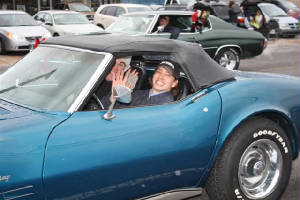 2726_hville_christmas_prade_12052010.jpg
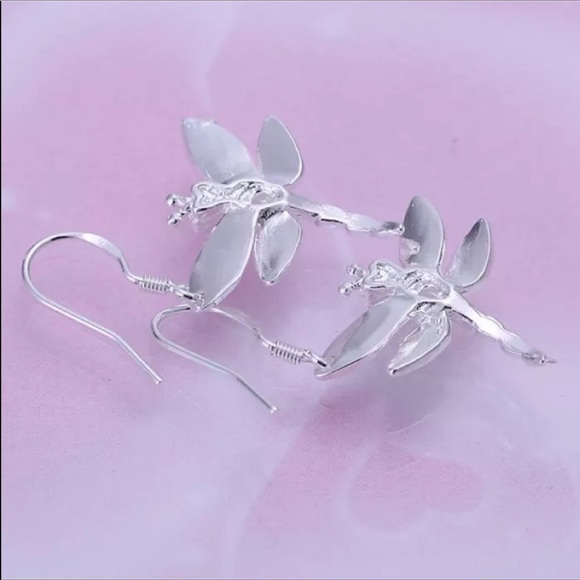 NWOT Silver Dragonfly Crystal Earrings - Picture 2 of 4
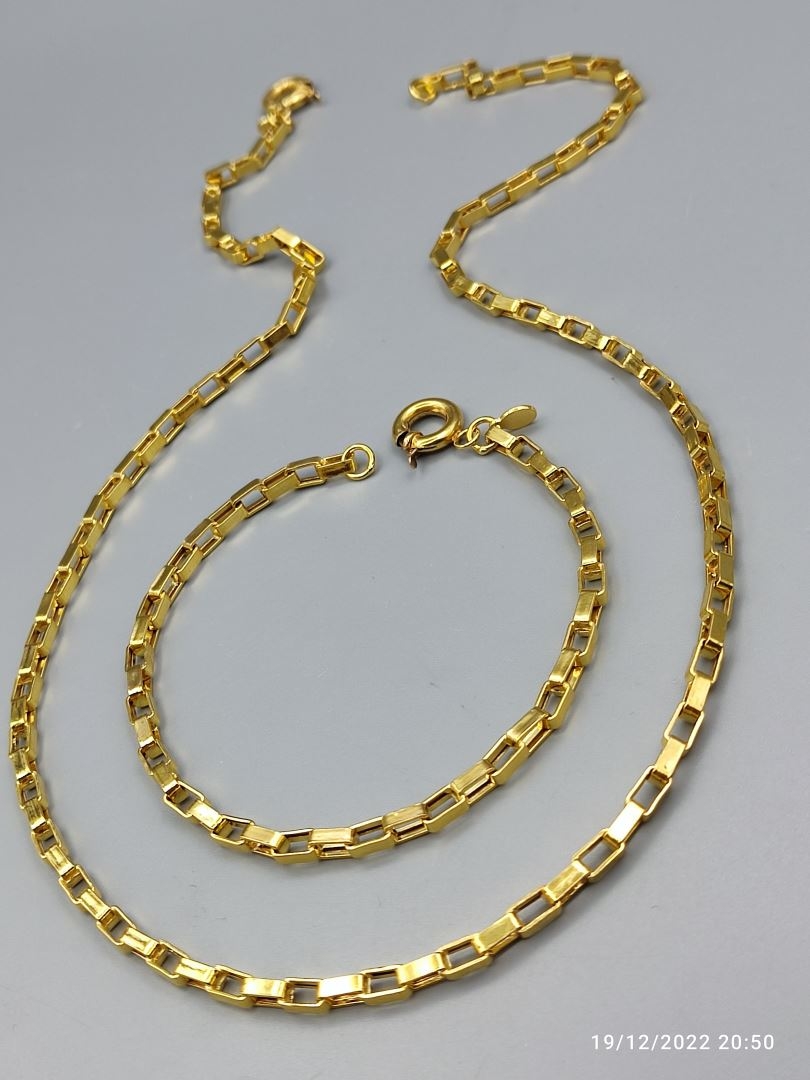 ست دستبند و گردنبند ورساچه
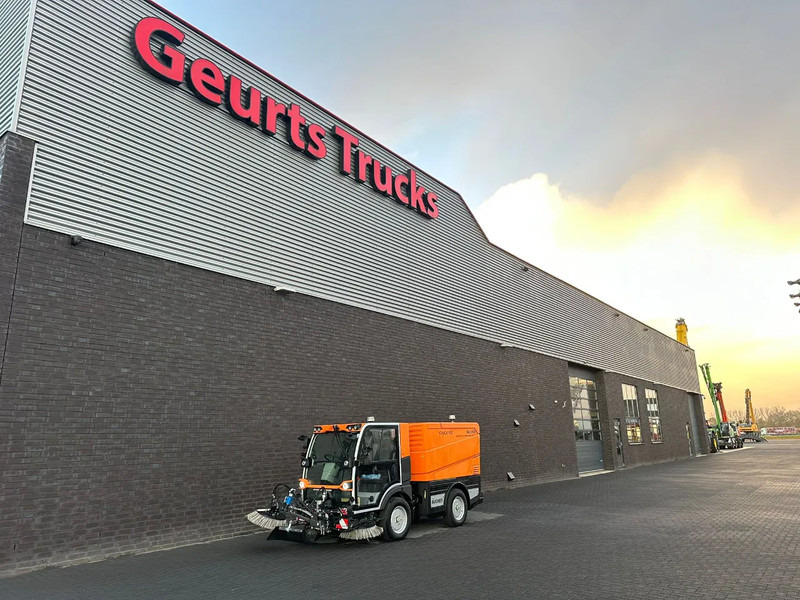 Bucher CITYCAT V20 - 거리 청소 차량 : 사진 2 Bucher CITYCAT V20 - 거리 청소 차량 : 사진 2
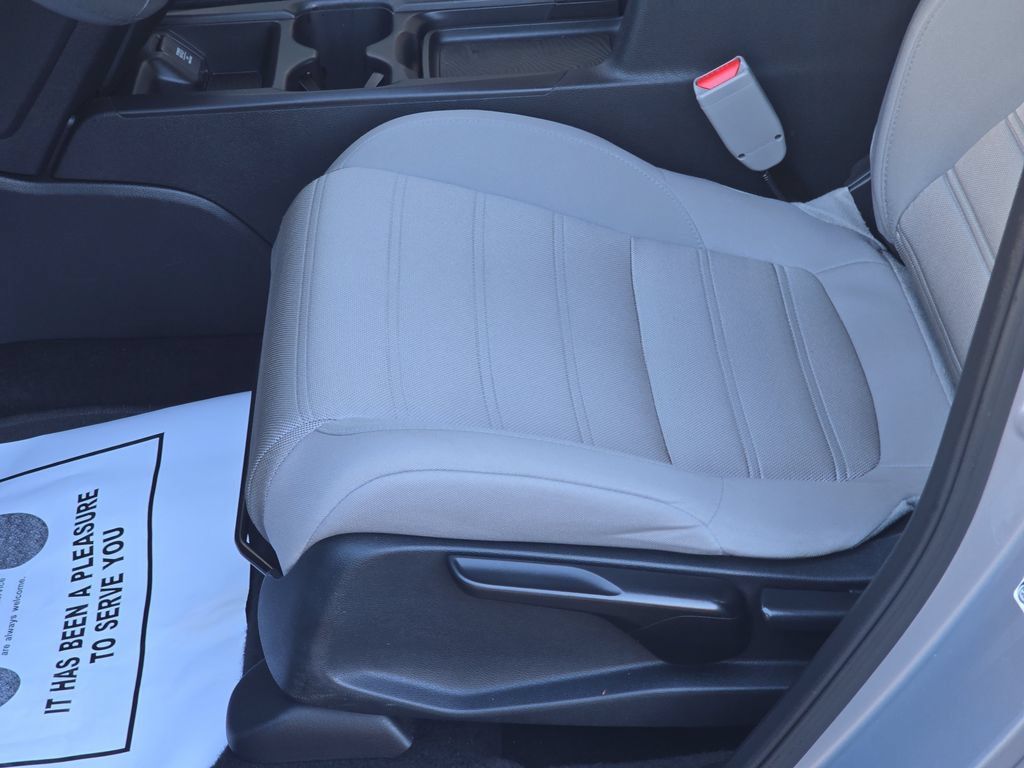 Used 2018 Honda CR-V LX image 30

───

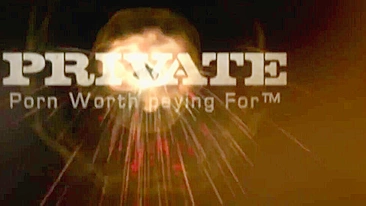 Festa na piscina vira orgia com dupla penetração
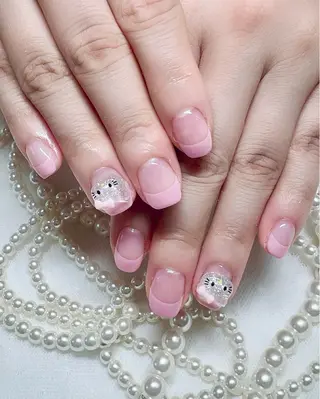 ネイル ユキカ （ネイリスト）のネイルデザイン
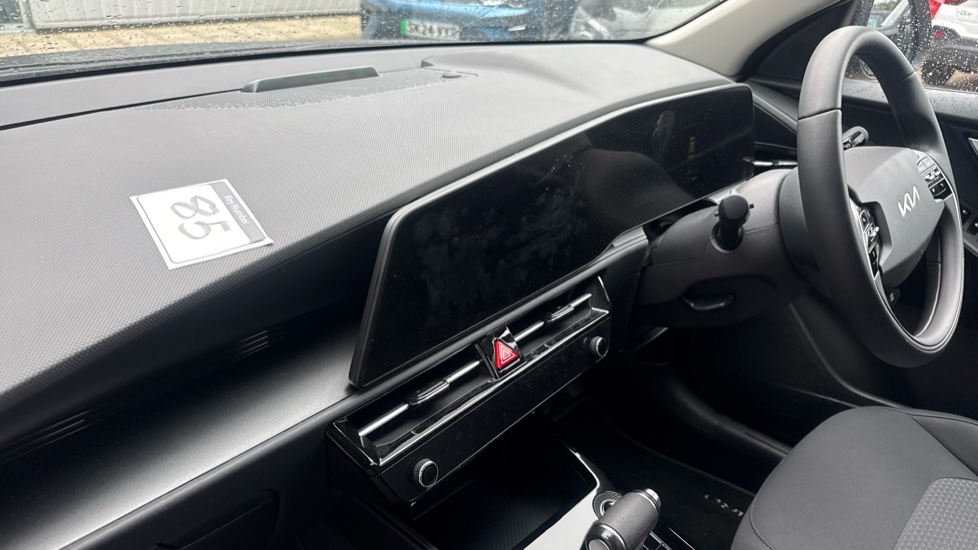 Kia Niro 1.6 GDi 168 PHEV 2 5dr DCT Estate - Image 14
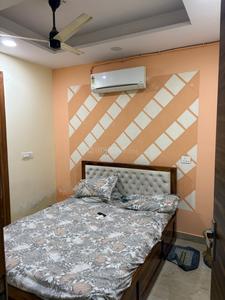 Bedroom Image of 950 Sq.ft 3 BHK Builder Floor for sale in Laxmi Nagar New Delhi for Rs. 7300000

───

Set down, exactly as written above, each line from the one with "NWOT Silver Dragonfly" through the one with "Used 2018 Honda CR-V LX image 30", and skip the pictures.

 NWOT Silver Dragonfly Crystal Earrings - Picture 2 of 4
 ست دستبند و گردنبند ورساچه
 Bucher CITYCAT V20 - 거리 청소 차량 : 사진 2 Bucher CITYCAT V20 - 거리 청소 차량 : 사진 2
 Used 2018 Honda CR-V LX image 30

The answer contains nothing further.